### TASK
Exact reproduction of all the data is needed.

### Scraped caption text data
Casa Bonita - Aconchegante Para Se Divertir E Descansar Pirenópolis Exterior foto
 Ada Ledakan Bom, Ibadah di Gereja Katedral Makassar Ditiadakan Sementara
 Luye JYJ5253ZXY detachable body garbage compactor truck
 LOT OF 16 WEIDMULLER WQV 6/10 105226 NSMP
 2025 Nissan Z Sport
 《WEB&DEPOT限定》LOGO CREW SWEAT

### ANSWER TO THIS PROBLEM
Casa Bonita - Aconchegante Para Se Divertir E Descansar Pirenópolis Exterior foto
 Ada Ledakan Bom, Ibadah di Gereja Katedral Makassar Ditiadakan Sementara
 Luye JYJ5253ZXY detachable body garbage compactor truck
 LOT OF 16 WEIDMULLER WQV 6/10 105226 NSMP
 2025 Nissan Z Sport
 《WEB&DEPOT限定》LOGO CREW SWEAT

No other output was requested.